The purpose of the invention is to improve the measurement accuracy and expand the range of measured frequencies.

Fig. 1 shows the construction of a single-frequency radio frequency meter meter; in fig. 2 is a view A of FIG. 1i in FIG. 3 shows the resonance curves of two adjacent resonators 1.

The carrier frequency meter of a single microwave radio pulse contains sensors made in the form of cylindrical resonators 1 with a central rod 2 loaded on a capacitive load 3. The loading capacitor 1 is formed by a gap between the end of the central rod 2 and the upper end cover 4 of the cylindrical resonator 1, A flexible membrane 5 mounted on the periphery with the cylindrical part of the resonator 1. By means of screw 6, screwing into cavity 4 of the resonator 1, it is possible to mechanically change the bend of the membrane 5; Thus, changing the size of the gap between the end of the central rod and the membrane, which allows to change the resonant frequency of the resonator by 50-60 MHz.
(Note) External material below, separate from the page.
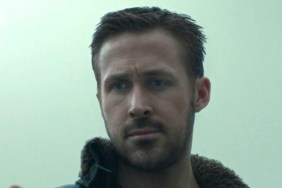 Ryan Gosling & Natalie Portman's Underrated Gem Is Leaving Netflix Soon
The variation of the resonant frequency within large limits is achieved by varying the length of the central rod 2. The connection of the cylindrical resonator 1 with the waveguide length 7 is carried out by means of connection slits 8, cut perpendicular to the axis in the wide wall of the waveguide length 7. The width of the communication slits 8 is selected coefficient of communication 3 within

lah

O 1 0.04, j,

where Q is the quality factor of cylindrical

rezonators; A - required measurement accuracy

frequencies.

The cylindrical resonator 1 is connected with the detector head 9 by means of loop 10. From the output of the detector head 9, the signal

enters the recording device. Cylindrical resonators 1 are installed together in the axis of the waveguide segment 7.

-

925

Q 15 20 25 Q 35

45

55

15

To determine the frequency of a single microwave pulse in the working frequency band, cylindrical resonators 1 were tuned to resonant frequencies after 20 MHz. To avoid a signal passing at a frequency between any adjacent resonant frequencies, the passbands of cylindrical resonators should overlap so that at a frequency corresponding to the middle of the interval, the levels of input signals would be the same and slightly higher than the response level of the recording devices (Vj.p) . Then, at the middle frequency of the interval, two recording devices operate simultaneously, corresponding to cylindrical resonators 1 with adjacent resonant frequencies.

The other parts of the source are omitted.